>>>

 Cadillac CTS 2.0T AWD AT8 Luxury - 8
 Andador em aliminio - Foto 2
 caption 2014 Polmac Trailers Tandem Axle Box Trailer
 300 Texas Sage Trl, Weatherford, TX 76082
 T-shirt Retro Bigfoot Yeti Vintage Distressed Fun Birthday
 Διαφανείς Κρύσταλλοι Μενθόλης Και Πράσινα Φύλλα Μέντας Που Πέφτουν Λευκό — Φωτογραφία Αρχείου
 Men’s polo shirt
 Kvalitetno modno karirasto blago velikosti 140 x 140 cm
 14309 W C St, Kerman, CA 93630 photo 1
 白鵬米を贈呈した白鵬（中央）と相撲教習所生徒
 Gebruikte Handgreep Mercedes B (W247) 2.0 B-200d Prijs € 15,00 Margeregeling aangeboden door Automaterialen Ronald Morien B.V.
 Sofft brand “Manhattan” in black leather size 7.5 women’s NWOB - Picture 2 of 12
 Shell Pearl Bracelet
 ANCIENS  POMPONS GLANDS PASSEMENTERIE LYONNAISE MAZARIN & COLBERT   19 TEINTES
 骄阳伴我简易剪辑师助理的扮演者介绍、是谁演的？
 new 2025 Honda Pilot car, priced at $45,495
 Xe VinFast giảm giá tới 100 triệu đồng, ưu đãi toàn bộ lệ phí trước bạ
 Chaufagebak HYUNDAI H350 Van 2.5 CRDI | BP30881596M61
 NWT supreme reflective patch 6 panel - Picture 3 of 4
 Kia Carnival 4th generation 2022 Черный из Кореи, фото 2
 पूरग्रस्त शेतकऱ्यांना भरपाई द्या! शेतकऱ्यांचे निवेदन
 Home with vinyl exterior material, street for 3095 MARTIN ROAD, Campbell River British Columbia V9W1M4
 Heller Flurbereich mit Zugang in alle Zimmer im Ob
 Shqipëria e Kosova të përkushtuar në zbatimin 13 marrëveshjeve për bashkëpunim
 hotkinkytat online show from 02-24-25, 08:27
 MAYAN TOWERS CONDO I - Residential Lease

<<<

● Problem statement
Exactly and only the lines from the one containing "new 2025 Honda Pilot car, priced at $45,495" to the end of the entries above are to be written out.

● Answer to the problem
 new 2025 Honda Pilot car, priced at $45,495
 Xe VinFast giảm giá tới 100 triệu đồng, ưu đãi toàn bộ lệ phí trước bạ
 Chaufagebak HYUNDAI H350 Van 2.5 CRDI | BP30881596M61
 NWT supreme reflective patch 6 panel - Picture 3 of 4
 Kia Carnival 4th generation 2022 Черный из Кореи, фото 2
 पूरग्रस्त शेतकऱ्यांना भरपाई द्या! शेतकऱ्यांचे निवेदन
 Home with vinyl exterior material, street for 3095 MARTIN ROAD, Campbell River British Columbia V9W1M4
 Heller Flurbereich mit Zugang in alle Zimmer im Ob
 Shqipëria e Kosova të përkushtuar në zbatimin 13 marrëveshjeve për bashkëpunim
 hotkinkytat online show from 02-24-25, 08:27
 MAYAN TOWERS CONDO I - Residential Lease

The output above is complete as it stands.